Science and philosophy have to go hand in hand, says neuro-philosopher Patricia Churchland, arguing in this talk that the nature of the mind cannot be understood simply by introspection.

What is a human being? Natalie Angiers, the science journalist defined a human being as a collection of empty spaces. This talk by Patricia Churchland, a neuro-philosopher, gives us the impression that the human being is just a mass of circuitry…there is almost nothing called free will. In any case, even if there was something called free will, we have no inkling of it as yet.

Churchland builds her discussion around the idea of self-control. What is self-control? It is more than saying no to chocolates or holding yourself from boxing the bully on the nose. It may actually be the explanation to all your actions and so contain the answer to knowing who you are, says Churchland, “Usually there are four things by which we can understand self-control…if someone can display deferred gratification, that is deferring smaller value now for something greater later, if they can maintain a goal despite distraction, if they can suppress impulses that are inappropriate and if they can cancel an action once started on seeing that following through with it would be a disaster.”
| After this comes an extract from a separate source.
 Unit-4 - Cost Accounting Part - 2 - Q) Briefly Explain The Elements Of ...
Addiction could lead to impulsivity and so be assumed to be the opposite of self-control, but it has been observed that those who are addicted are very organised and careful when it comes to accessing their source of addiction…so there are some grey areas.

The excitement in Churchland’s talk begins when she declares that none of the four markers she has mentioned are linked. They are not different expressions of the same disposition but require different circuitry. One would think that if a person can wait for gratification, he or she would also be the kind to be focused on the goal whatever the distraction, or can suppress impulses. But it turns out that the circuitry for each of the four markers is different. An experiment with rodents revealed the picture. Two cylinders with provisions to press on a button to get food pellets were made. In one there was a delay before the food pellet appeared. After this delay the rat was able to get four pellets as against only one in the first cylinder. Some rats were able to wait, some rats were not. Similarly when the experiment was made more complicated and the rat had to stop pressing the button on hearing a sound, some rats were able to stop and some were not. “It teaches us something that could not have been learnt from introspection…,” says Churchland thus justifying the use of neuro-sciences in philosophy.
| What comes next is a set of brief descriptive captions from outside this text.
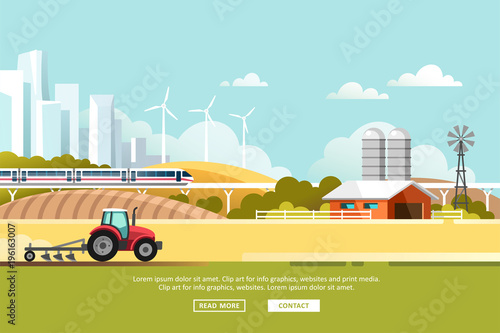 Agriculture and Farming. Agribusiness. Rural landscape with silhouette megapolis and train rail. Design elements for info graphic, websites and print media. Vector illustration.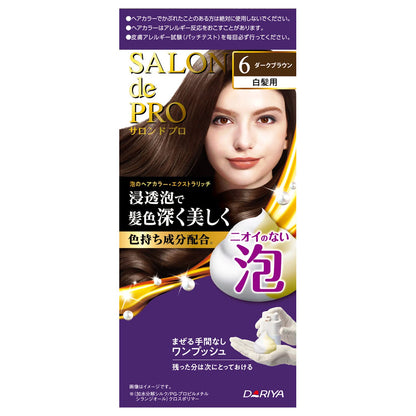 サロンドプロ　泡のヘアカラー・エクストラリッチ（白髪用）６＜ダークブラウン＞ 容量1ｺヘアカラー・白髪用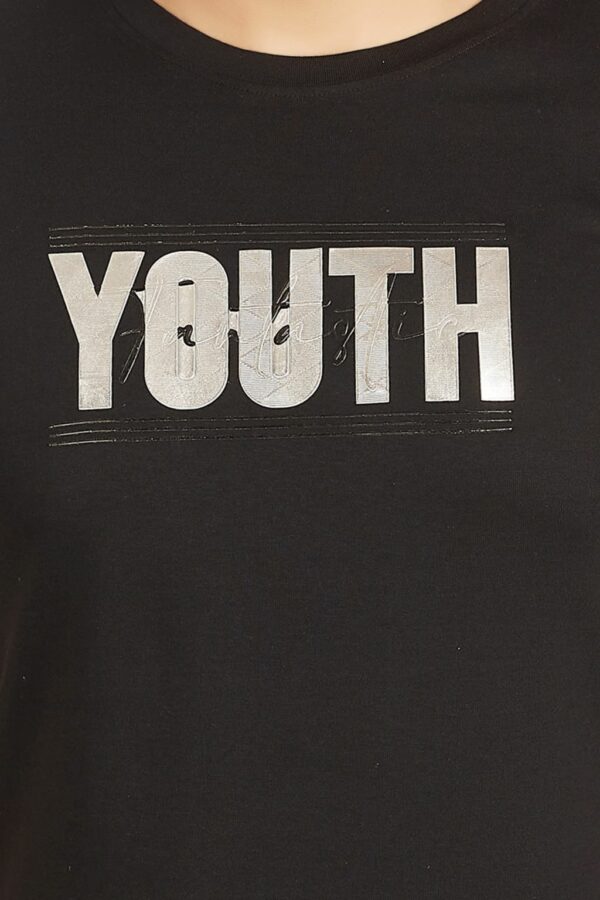 YOUTH Men's Casual T-Shirt Black - Image 2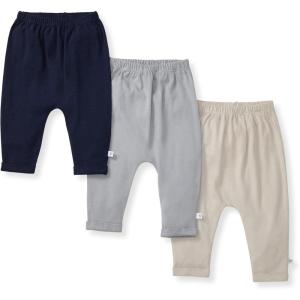 Burt’s Bees Baby Unisex Knit Jogger Pants, 3-Pack Baby Sweatpants, 100% Organic Cotton Infant Bottoms(Midnight 3pk)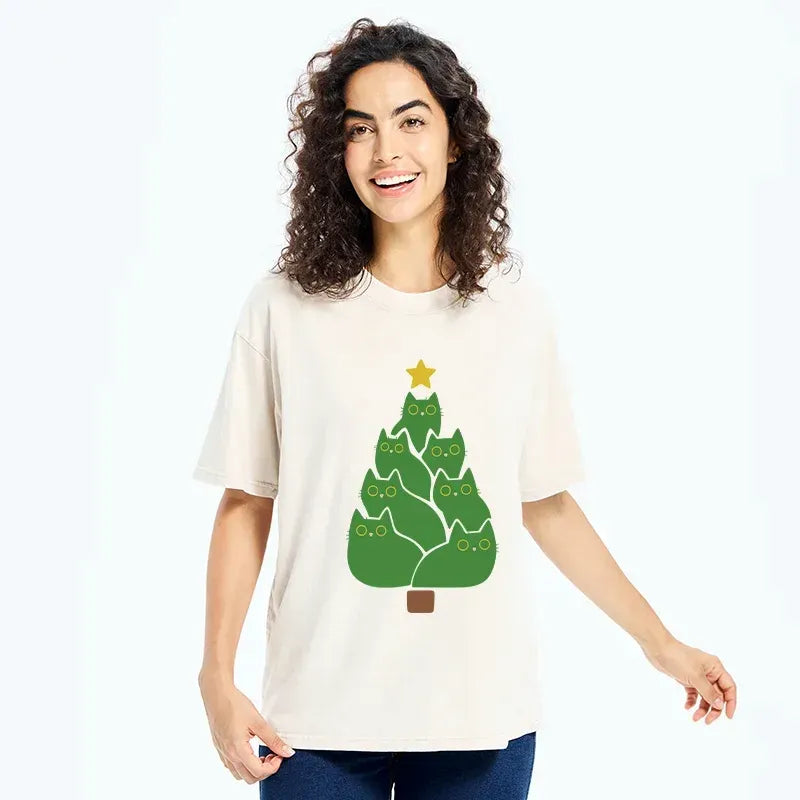 Japanese washed t-shirt for cat lovers
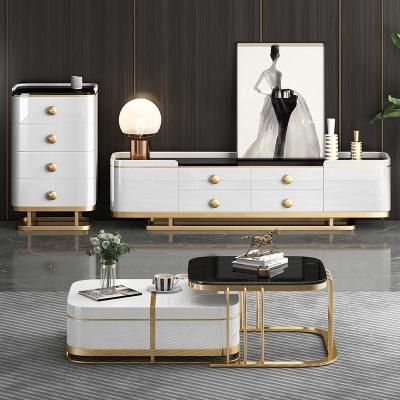 China Foshan Modern Factory Home Furniture Sets Metal Center Coffee Tables With Drawer Living Room Furniture Modern Luxury Center Table for sale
Churchland refers to the marshmallow experiment which has been written about earlier in this column. This experiment showed that those children, of ages 3 and 4, who could resist being tempted to take one marshmallow instantly as against three after a time delay, were the ones who did better for themselves in life. This motivated work on circuitry to see if children could be taught self-control to improve their quality of life. “We reward the child when the child is able to finish a job or restrain from bashing the other kid…this way we modify the circuitry in a physical and structural way…,” says Churchland. However, she says, it is difficult to claim to be able to “teach” self-control. “There is a really significant genetic component but depending on the environmental support, behaviour can be modified…may not be hugely, but enough to get by…but the question cannot be answered right now.”
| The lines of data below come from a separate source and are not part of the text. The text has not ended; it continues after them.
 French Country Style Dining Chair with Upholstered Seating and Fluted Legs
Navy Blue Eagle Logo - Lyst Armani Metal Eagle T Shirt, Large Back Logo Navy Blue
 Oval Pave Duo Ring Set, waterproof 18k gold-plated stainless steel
As of now the significance of her research rests on one idea which has far reaching consequences: if circuitry determines our actions, what is free will? If it is our neuro-biological capacity that determines our actions…what then do we take responsibility for? “What is the difference between the brain which has the circuitry for self-control as against one which does not have? This will map the areas over which we have control and that over which we do not. That self-control is real and dysfunction of self-control is also real…Alcohol, stress sleeplessness, hunger and a host of other factors reduces self-control…purity of the will is difficult to understand….the nature of the mind cannot be understood simply by introspection…,” asserts Churchland saying therefore that science and philosophy have to go hand in hand.